··· Data block

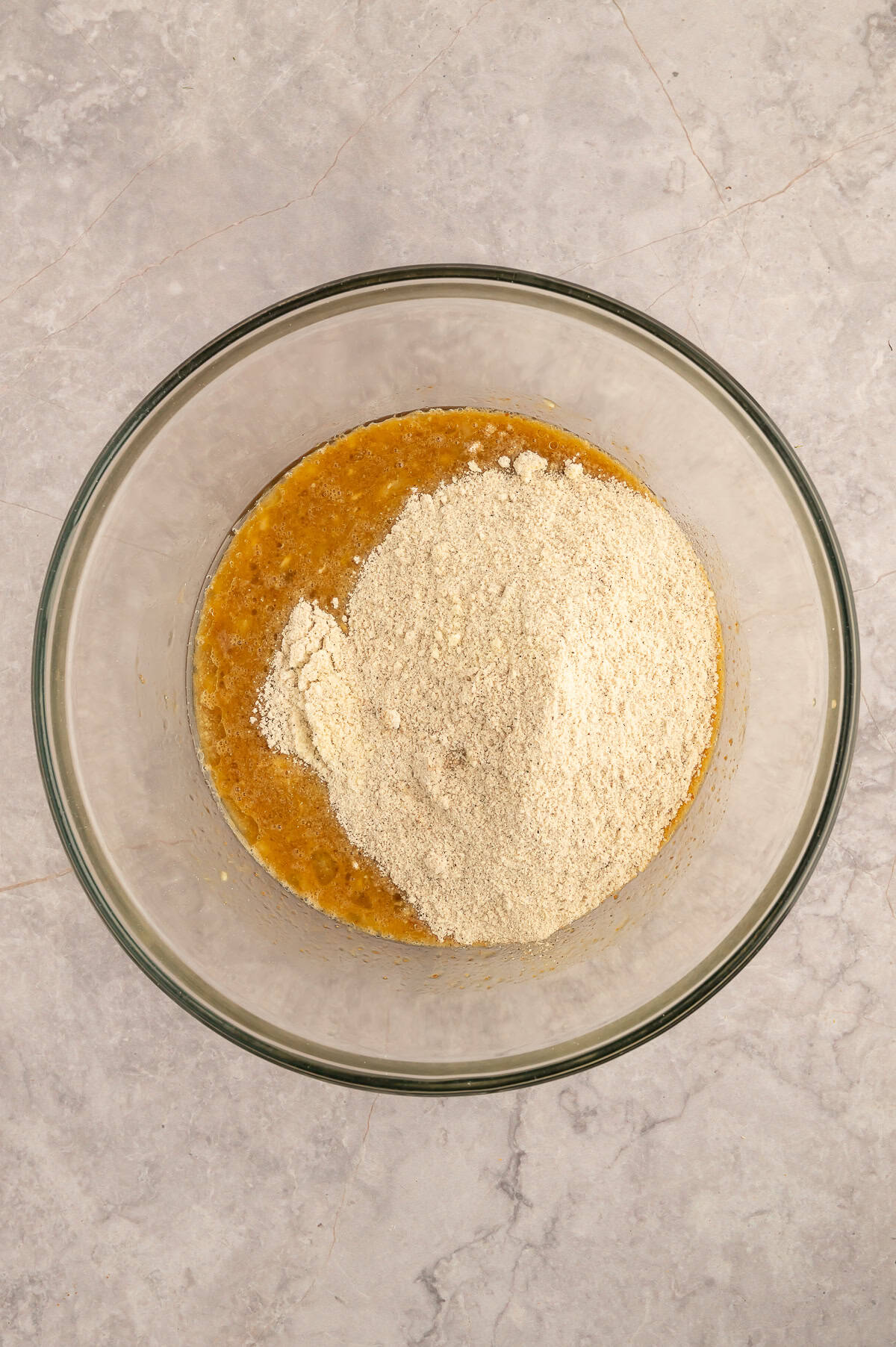 Wet ingredients and dry ingredients being combined in mixing bowl.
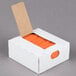 A white box with orange laminated twist ties inside.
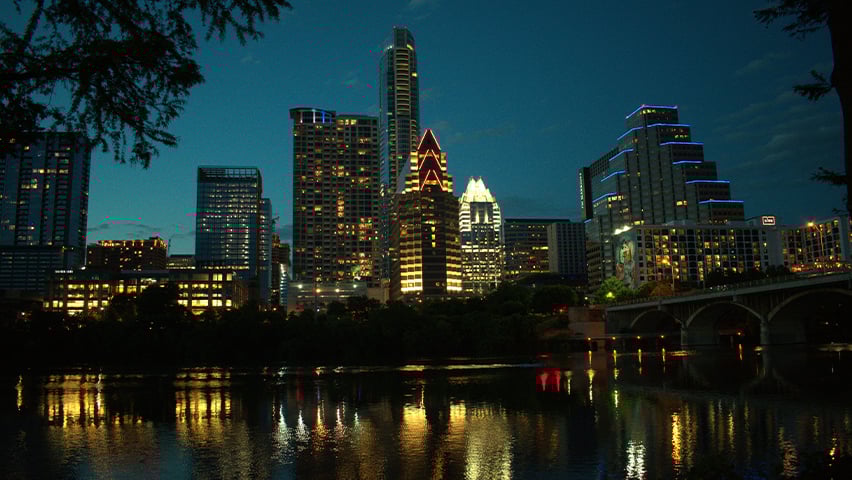 Austin city skyline illuminated at night with lights reflecting on the water below.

······

## The task
Print the data again word for word, pictures excluded.

## Result below
 Wet ingredients and dry ingredients being combined in mixing bowl.
 A white box with orange laminated twist ties inside.
 Austin city skyline illuminated at night with lights reflecting on the water below.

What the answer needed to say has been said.